◆ The problem: Output the entries that follow character for character. Leave every image out.

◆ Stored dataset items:
____

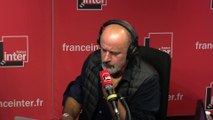 Le salon mondial de l'auto, c'est le rêve ! - Le billet de Daniel Morin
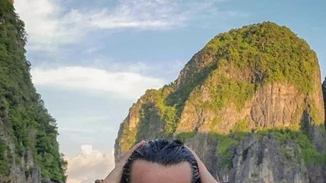 Γιώργος Μαυρίδης: Η συγκινητική φωτογραφία με τον πατέρα του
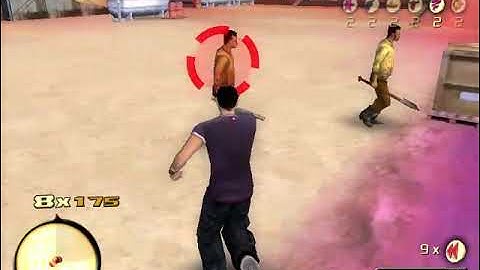 TOTAL OVERDOSE KILL THE LEADER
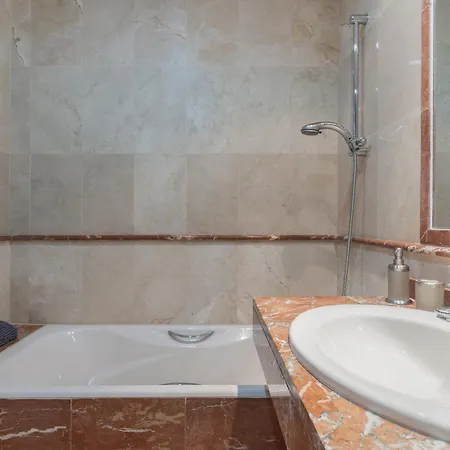 Appartamento Entre Estepona-marbella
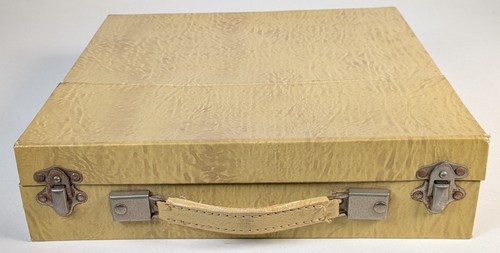 Vintage linguaphone spanischer - vintage,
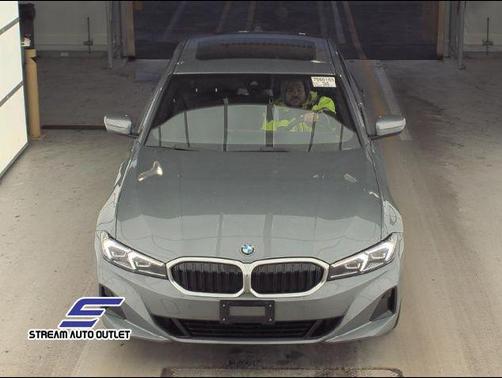 2024 BMW 330 i xDrive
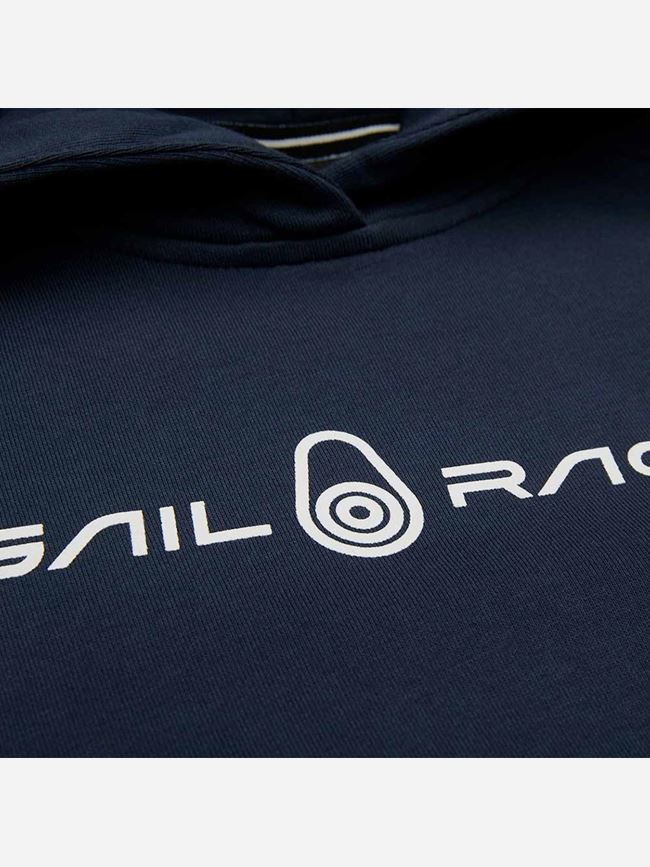 Sail Racing Bowman Hood Junior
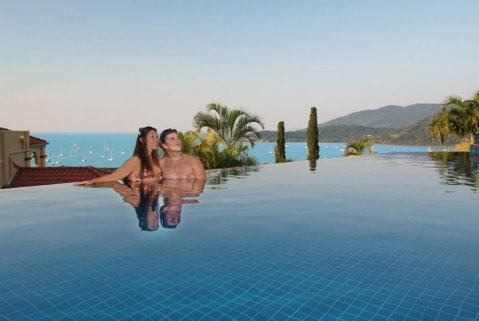 Mediterranean Resorts - Accommodation Cooktown 1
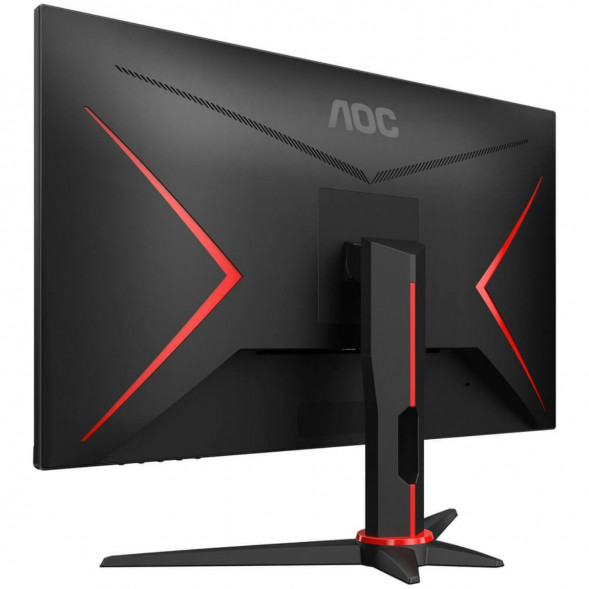 Монитор AOC Gaming 27&amp;quot; Q27G2E/BK403898 в Хабаровске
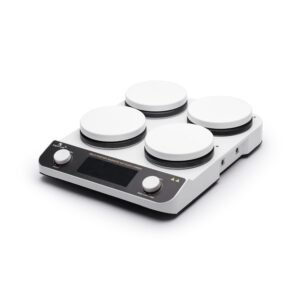 Multi-Position Magnetic Hotplate Stirrer, SS Top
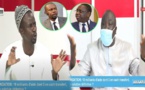 Birima Ndiaye à Malal Talla "'Si Macky doit être candidat pour un troisième mandat, il le fera sans état d’âme'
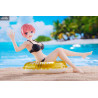 The Quintessential Quintuplets - Figure Ichika Nakano, Aqua Float Girls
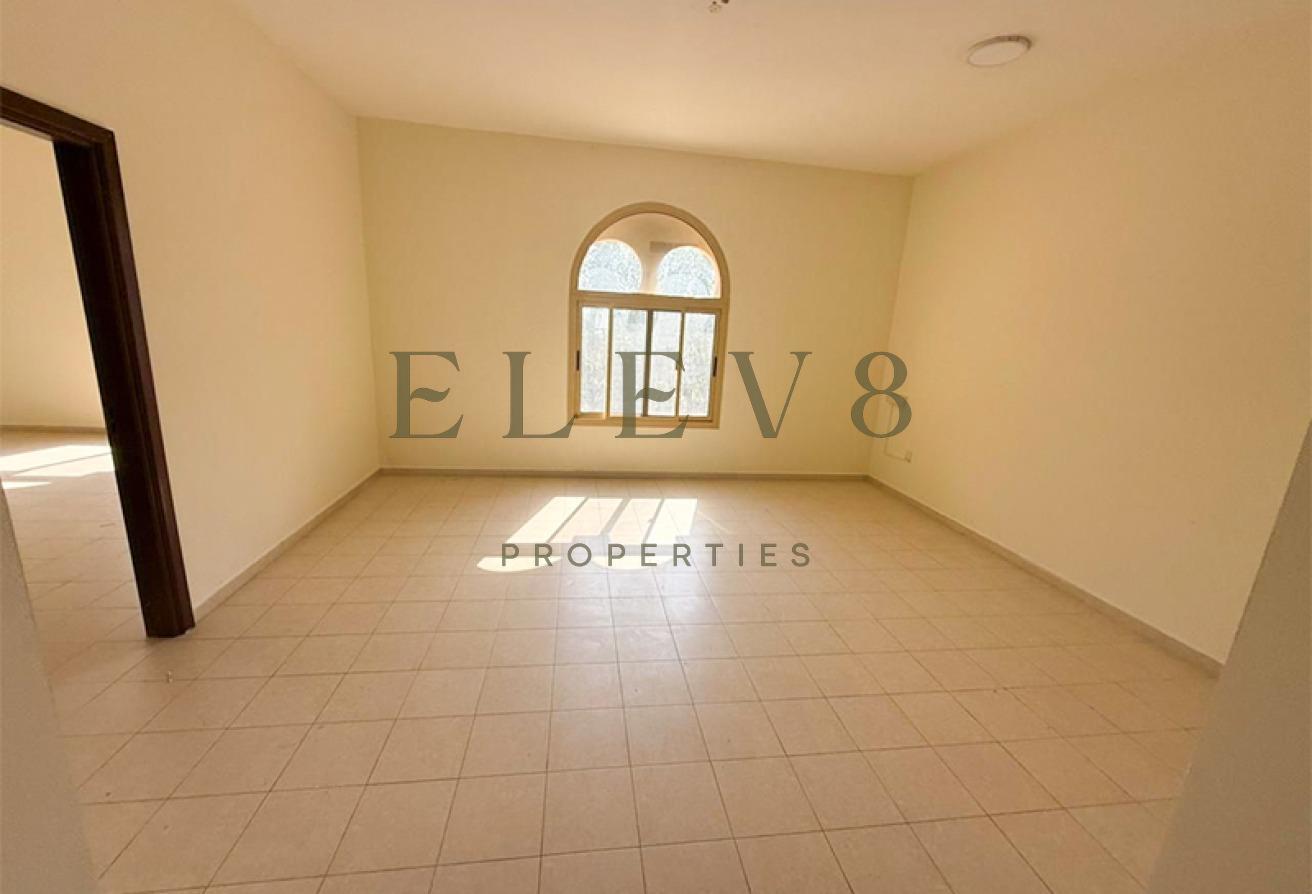 Independent 5BR Villa | Prime Living | Vacant photo 6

____

◆ Solution for this problem:
 Le salon mondial de l'auto, c'est le rêve ! - Le billet de Daniel Morin
 Γιώργος Μαυρίδης: Η συγκινητική φωτογραφία με τον πατέρα του
 TOTAL OVERDOSE KILL THE LEADER
 Appartamento Entre Estepona-marbella
 Vintage linguaphone spanischer - vintage,
 2024 BMW 330 i xDrive
 Sail Racing Bowman Hood Junior
 Mediterranean Resorts - Accommodation Cooktown 1
 Монитор AOC Gaming 27&amp;quot; Q27G2E/BK403898 в Хабаровске
 Multi-Position Magnetic Hotplate Stirrer, SS Top
 Birima Ndiaye à Malal Talla "'Si Macky doit être candidat pour un troisième mandat, il le fera sans état d’âme'
 The Quintessential Quintuplets - Figure Ichika Nakano, Aqua Float Girls
 Independent 5BR Villa | Prime Living | Vacant photo 6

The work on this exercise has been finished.